The cancelled contracts were in the Rio Grande Valley and Laredo areas.
The move "isn't going to solve the Biden Border Crisis," Sen. Tom Cotton said.
The Department of Homeland Security on Friday said it would cancel the remaining construction contracts for former President Donald Trump's border wall.
The contracts related to two sections of the US-Mexico border in Texas: Laredo and the Rio Grande Valley area, the DHS said in a press release.
The move came months after the Biden administration cancelled two contracts that spanned about 31 miles of the US-Mexico border in Texas.
DHS said it planned to begin environmental studies for border barrier "system projects." However, those "activities will not involve any construction of new border barrier or permanent land acquisition," it said.
The construction of barriers along the southern US border has become a highly partisan issue. President Donald Trump sought to build a "big, beautiful wall," but others raised questions about whether barriers would solve the problems that drove asylum-seekers to the US in the first place.
Friday's move by the Biden administration raised the ire of a handful of Republican lawmakers, including Rep. Dan Crenshaw, of Texas.
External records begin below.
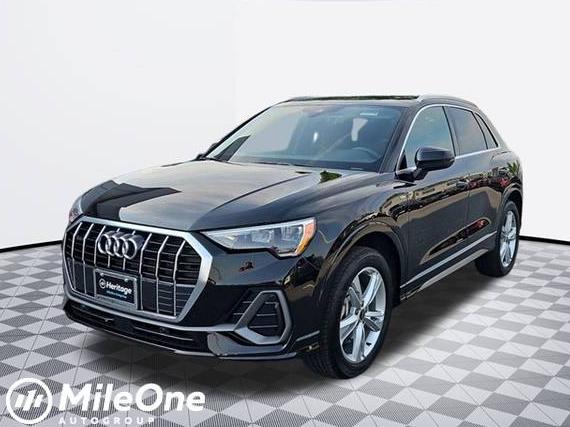 AUDI Q3 2022 WA1DECF39N1086992 image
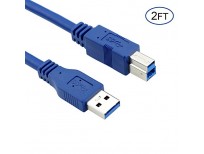 Original USB Cable - Type A-Male to Type B-Male sale in Pakistan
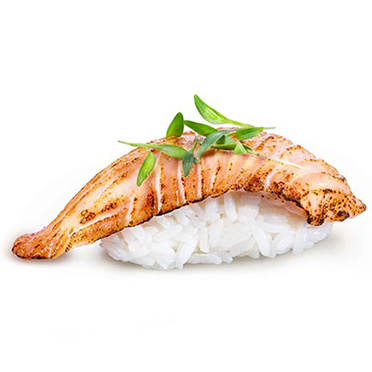 Produktbild Nigiri flambierter Lachs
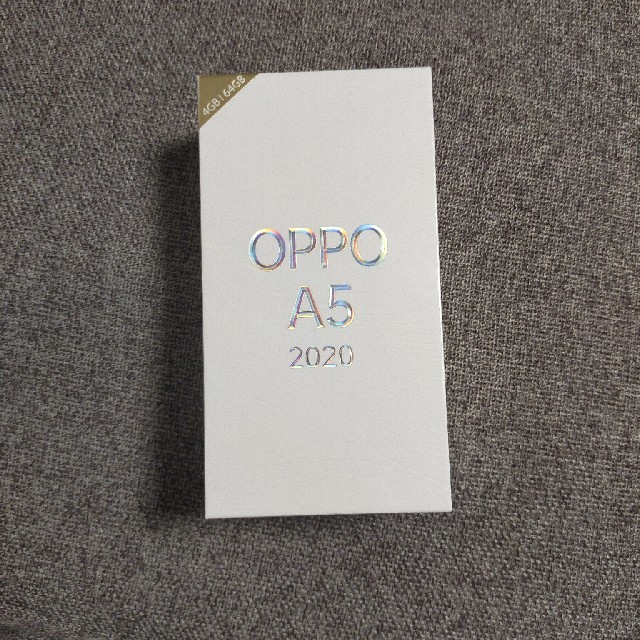 【新品未開封】OPPO A5 2020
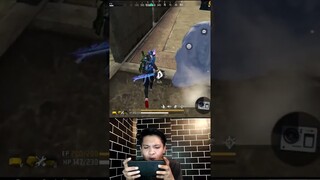 Gua dikepung gesss🤣|| #amboenihges #freefire #shorts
"Impeach Mayorkas," Crenshaw said on Twitter, referring to Alejandro Mayorkas, secretary of homeland security.
"Canceling construction of the border wall isn't going to solve the Biden Border Crisis," Sen. Tom Cotton, of Arkansas, said on Twitter.
Earth Justice, an environmental nonprofit that had sued the Trump administration over the wall, on Friday said canceling the projects would save "71 river miles in Webb and Zapata counties from destruction." The group said the projects would have cost more than $1 billion.
In June, the White House returned $2 billion from border wall projects to the military. Trump's administration had diverted those funds.
"Building a massive wall that spans the entire southern border and costs American taxpayers billions of dollars is not a serious policy solution or responsible use of federal funds," The White House Office of Management and Budget said at the time.